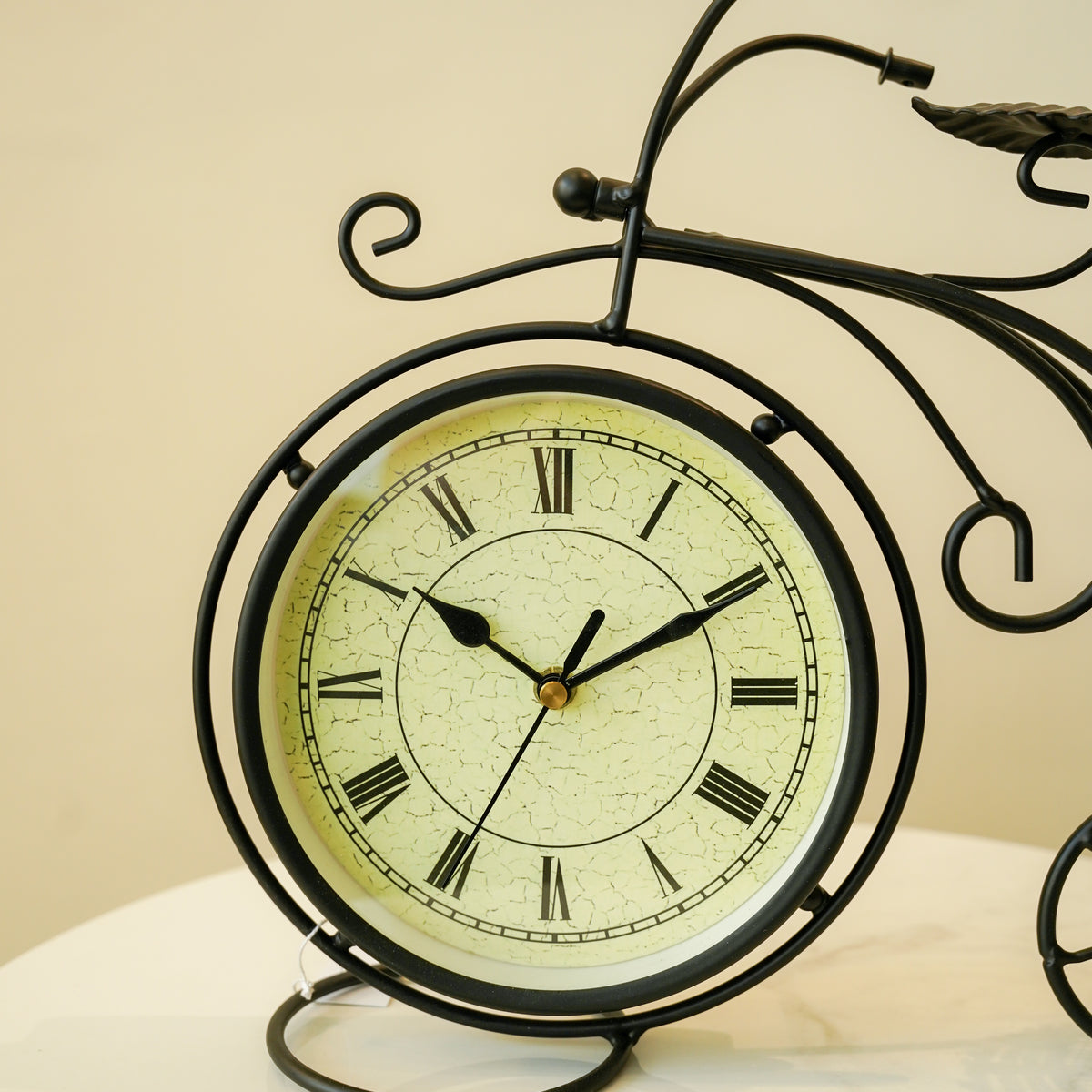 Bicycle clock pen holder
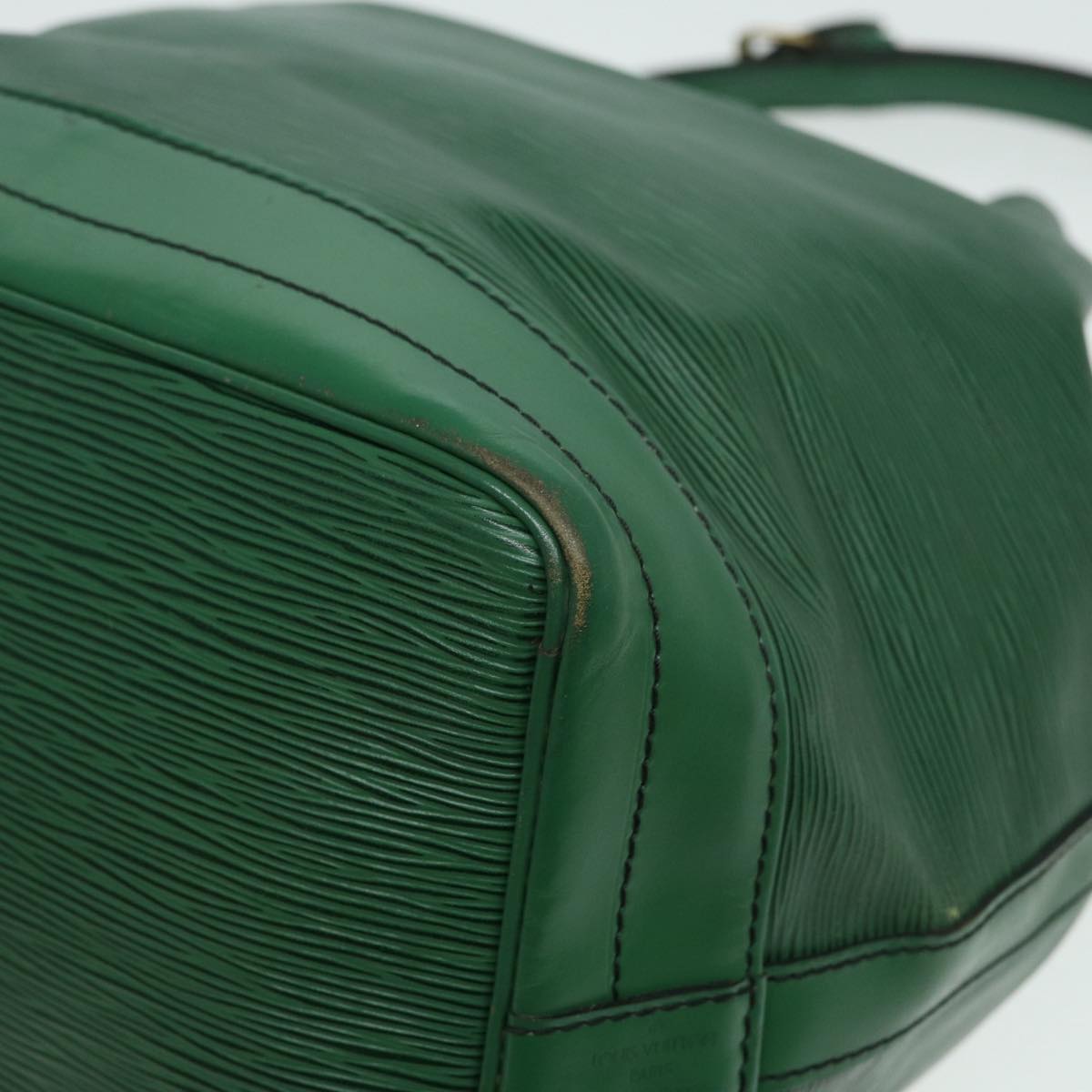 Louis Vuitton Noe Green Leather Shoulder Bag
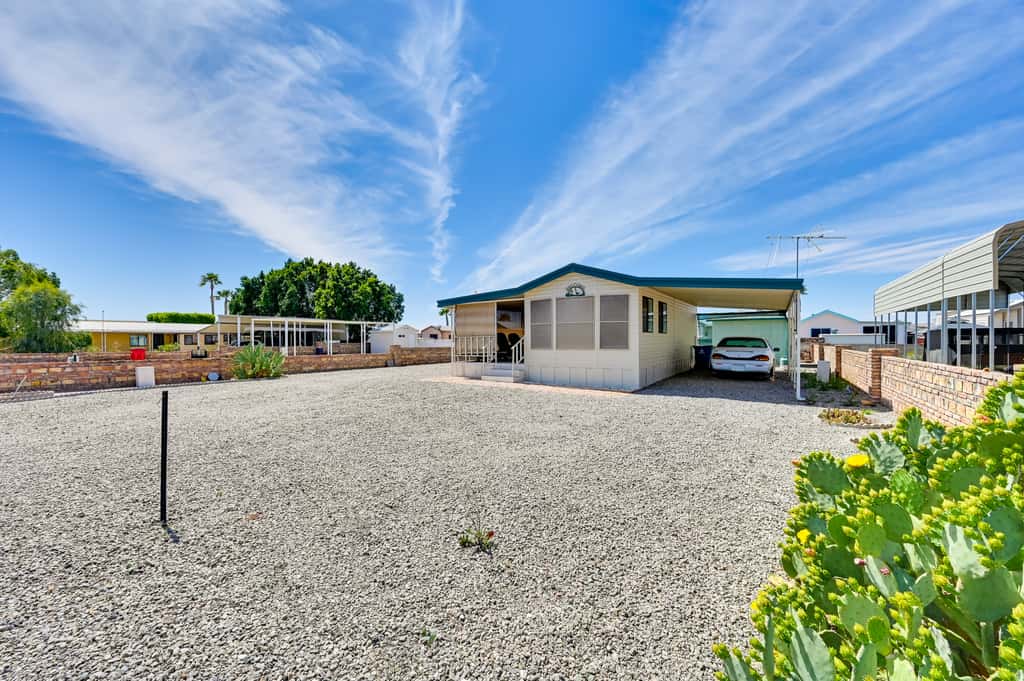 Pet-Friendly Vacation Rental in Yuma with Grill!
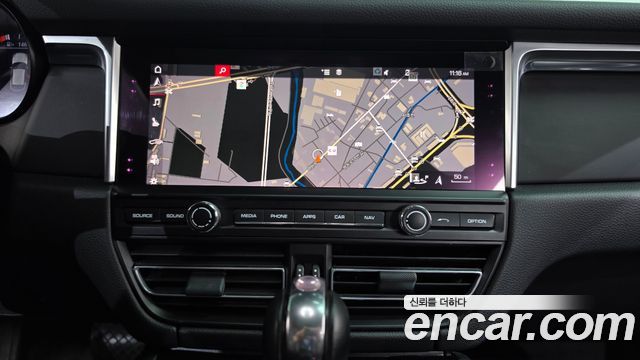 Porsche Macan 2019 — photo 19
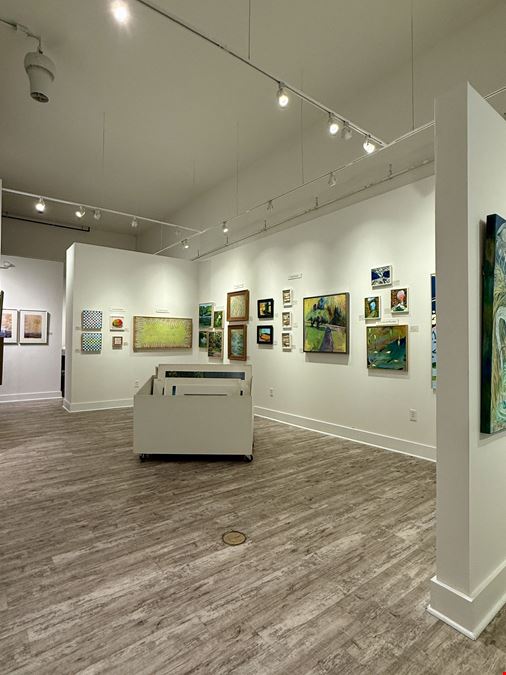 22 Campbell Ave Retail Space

********************

*DESCRIPTION OF THE TASK*
All entries above are to be reproduced exactly, with no pictures.

*EXERCISE RESULT*
 Bicycle clock pen holder
 Louis Vuitton Noe Green Leather Shoulder Bag
 Pet-Friendly Vacation Rental in Yuma with Grill!
 Porsche Macan 2019 — photo 19
 22 Campbell Ave Retail Space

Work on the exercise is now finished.